Verified June 2026For teachers · 3 min read

How Sokra gives feedback to your students

Sokra gives feedback, not marks. Your assistant looks at what a student wrote against the criteria you set, then tells the student what is working and what to try next. It never reduces a student's work to a number or a single label. You stay the one who decides what good work is, and the assistant applies your standard consistently for every student.

This article explains where feedback comes from, how to shape it, and how to read it for one student or for a whole class.

Before you start

You need an assistant to attach feedback to. If you have not built one yet, start with creating your first assistant, then come back here to shape its feedback. It also helps to have a sense of what "good work" looks like for the task, for example "uses evidence to support an argument".

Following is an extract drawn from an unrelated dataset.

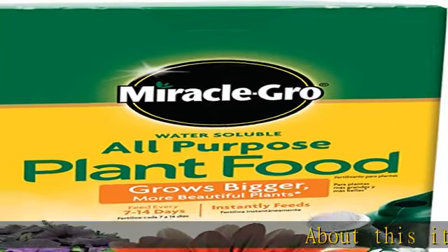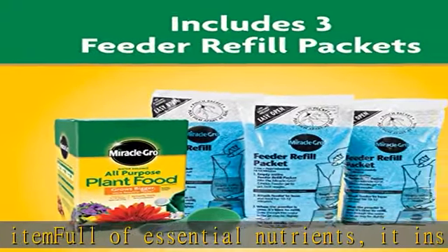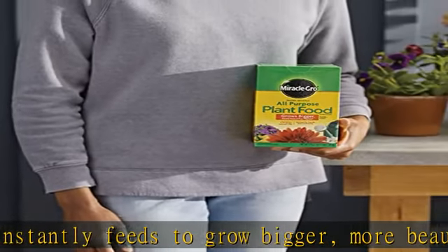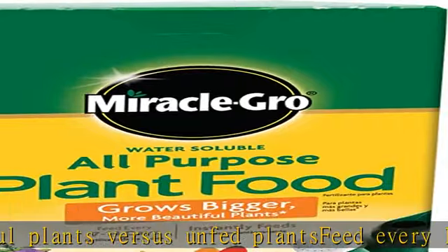About this item: full of essential nutrients, it instantly feeds to grow bigger, more beautiful plants versus unfed plants. Feed every one to two weeks. Use with the Miracle-Gro garden feeder or any watering can for all flowers, vegetables, trees, shrubs, and houseplants. Safe for all plants, guaranteed not to burn when used as directed.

Build your feedback criteria

Criteria are the heart of feedback in Sokra. They turn your judgement into something the assistant can apply the same way every time, so feedback stays fair and consistent across a class.

1. Open the Feedback tab

In the assistant editor, open the Feedback tab. This is where you set the criteria your assistant uses to give students feedback. If it is empty, that is your starting point: define what good work looks like.

2. Add a criterion

Click Add Criterion and describe one thing you care about, for example "Uses evidence to support their argument". Add a criterion for each quality that matters for the task. A handful of clear criteria works better than a long list.

3. Describe the levels

For each criterion you can set a Level, such as "Excellent", "Proficient", or "Developing", and a Description of what that level looks like. This is how you teach the assistant the difference between strong and developing work, in your words. The assistant uses these descriptions to give feedback, not to score or rank a student.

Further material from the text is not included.